## Task goal
Only the lines from the one containing "新手爸妈必看🔥7个婴幼儿急救法很关键" through the final line below belong in the output, copied exactly and without pictures.

## Input data
▼▼▼

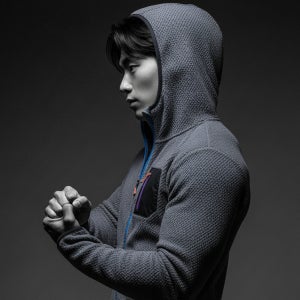 코아이 아웃도어 흡한속건 풀집업후디 후리스 미드레이어 자켓 등산 백패킹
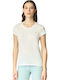 Cry Damen Polo Bluse Bianco Giallo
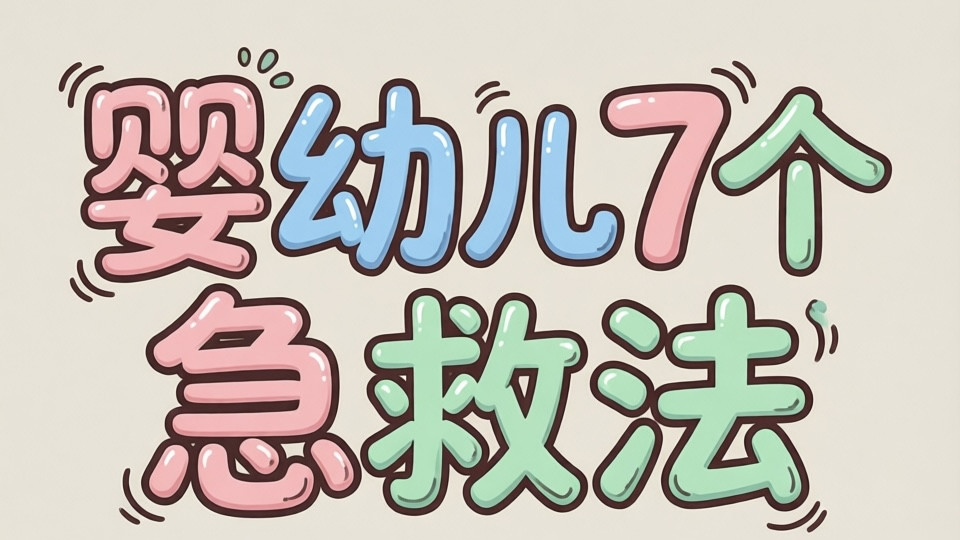 新手爸妈必看🔥7个婴幼儿急救法很关键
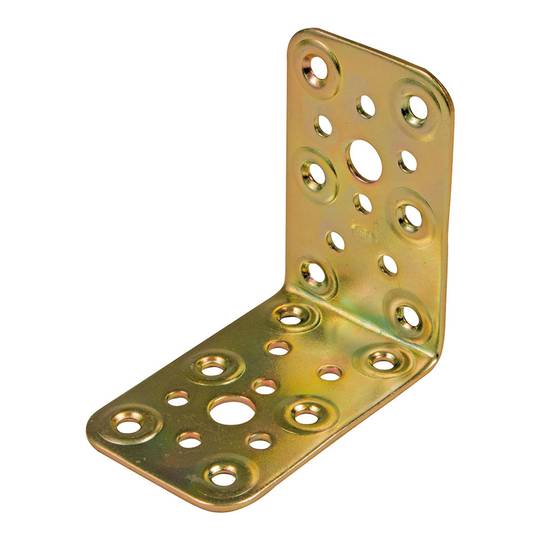 Squadra angolare in acciaio bicromato 80x50mm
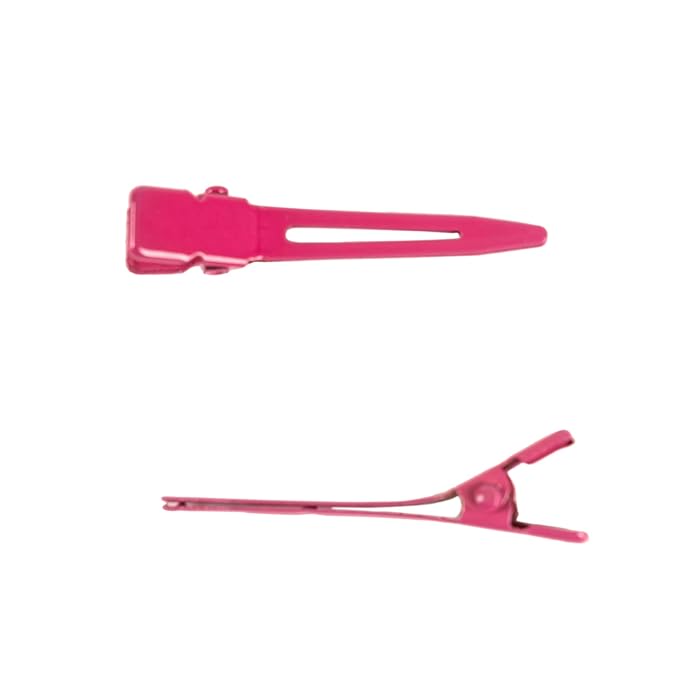 100 Packs roseo Alligator Curl Clips, bandenger 1.8 Inch Single Prong Clips Hair Accessories,for Girls and Women,Hair Styling,Hair Coloring, Random Color (roseo)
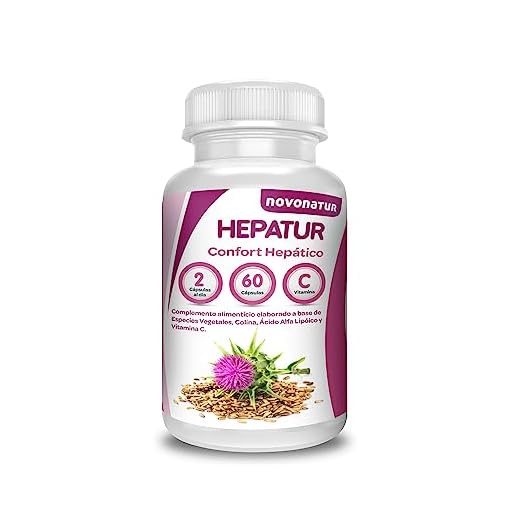 HEPATUR, confort hepático, con especies vegetales, Cardo Mariano, Colina, Ácido Alfa Lipóico y Vitamina C. ayudan a la protección y al normal funcionamiento hepático. I 60 comprimidos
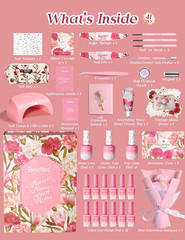 Beetles Mani Time with Mom Mother’S Day Gift Box, 12 Colors Purple Pink Red Cat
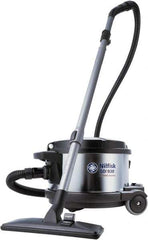 Nilfisk - 4 Gal, Steel Tank, Dry, HEPA Vacuum Cleaner - 8.7 Amps - USA Tool & Supply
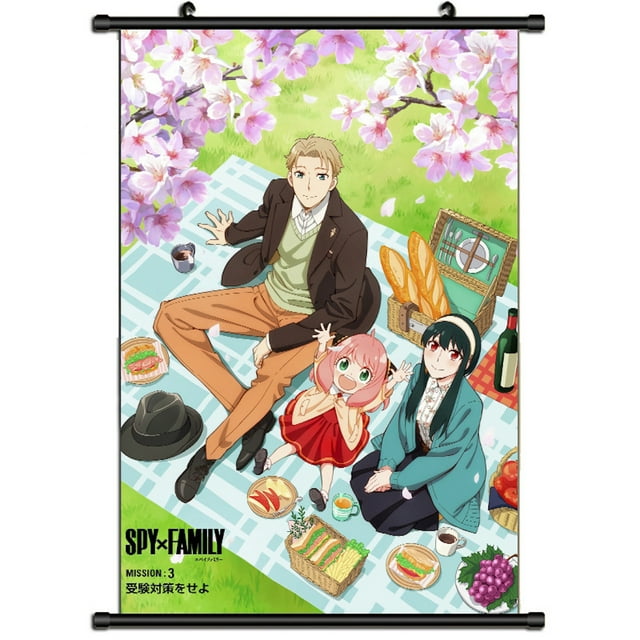Póster decorativo de pared sobre lienzo Anime Spys Familys Anyas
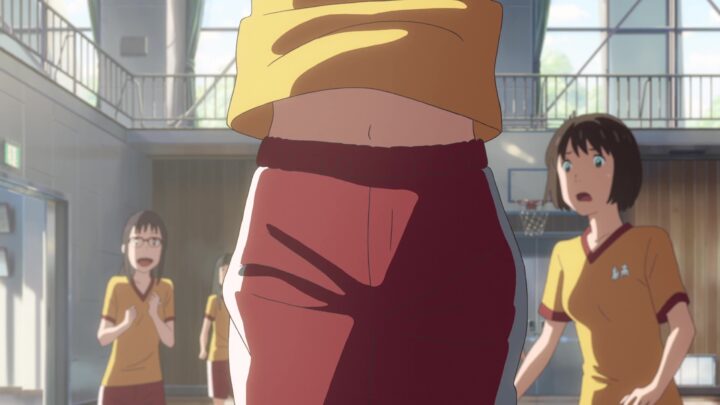 Mitsuha Miyamizu's fanservice in YourName-Scene23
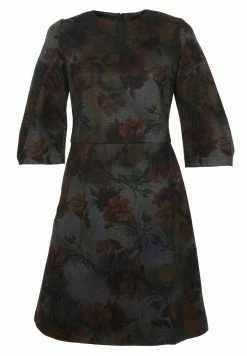 Madam-T VIRGINIE - Robe De Jour - Grau, Braun -Madam-T Soldes 2022 e0ca93419701459c8cb1520002e5d29b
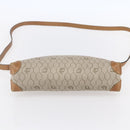 Christian Dior Honeycomb Canvas Shoulder Bag PVC Beige Gold Auth ep11929-5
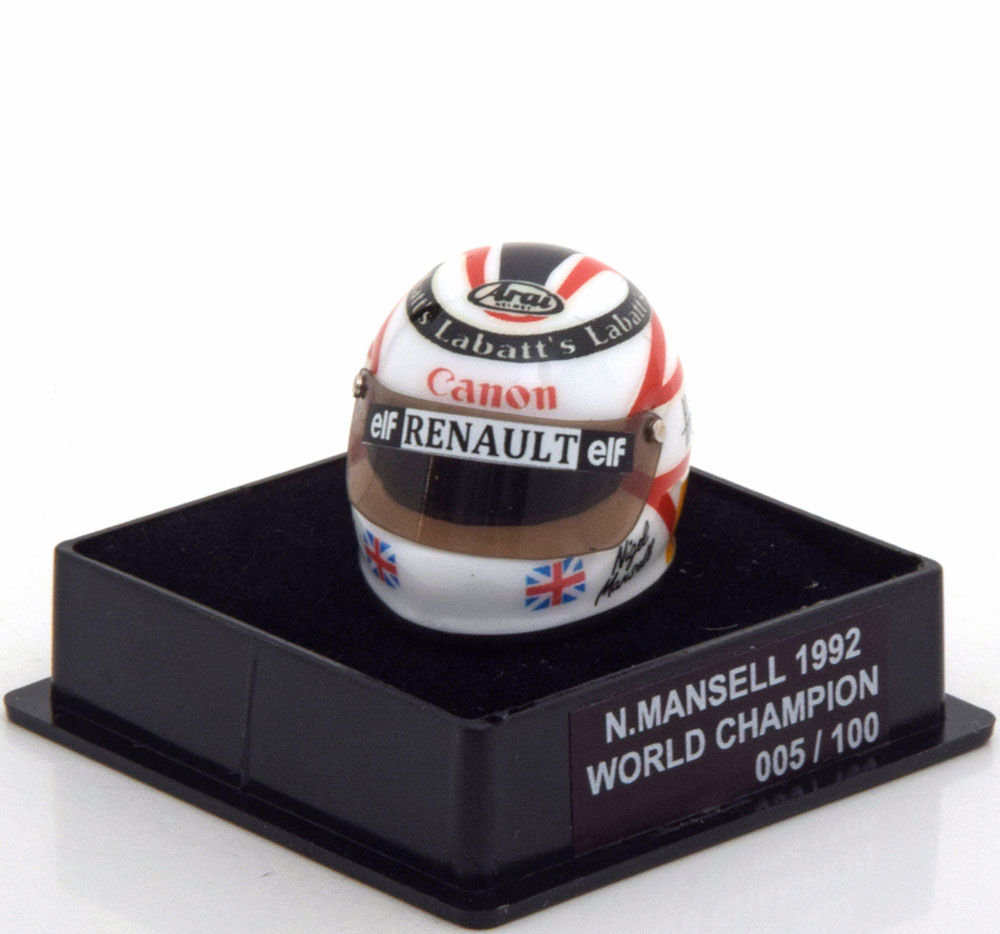 МОДЕЛЬ ШЛЕМА WILLIAMS HELM WORLD CHAMPION 1992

▲▲▲

## Answer below
 新手爸妈必看🔥7个婴幼儿急救法很关键
 Squadra angolare in acciaio bicromato 80x50mm
 100 Packs roseo Alligator Curl Clips, bandenger 1.8 Inch Single Prong Clips Hair Accessories,for Girls and Women,Hair Styling,Hair Coloring, Random Color (roseo)
 HEPATUR, confort hepático, con especies vegetales, Cardo Mariano, Colina, Ácido Alfa Lipóico y Vitamina C. ayudan a la protección y al normal funcionamiento hepático. I 60 comprimidos
 Beetles Mani Time with Mom Mother’S Day Gift Box, 12 Colors Purple Pink Red Cat
 Nilfisk - 4 Gal, Steel Tank, Dry, HEPA Vacuum Cleaner - 8.7 Amps - USA Tool & Supply
Póster decorativo de pared sobre lienzo Anime Spys Familys Anyas
 Mitsuha Miyamizu's fanservice in YourName-Scene23
 Madam-T VIRGINIE - Robe De Jour - Grau, Braun -Madam-T Soldes 2022 e0ca93419701459c8cb1520002e5d29b
 Christian Dior Honeycomb Canvas Shoulder Bag PVC Beige Gold Auth ep11929-5
 МОДЕЛЬ ШЛЕМА WILLIAMS HELM WORLD CHAMPION 1992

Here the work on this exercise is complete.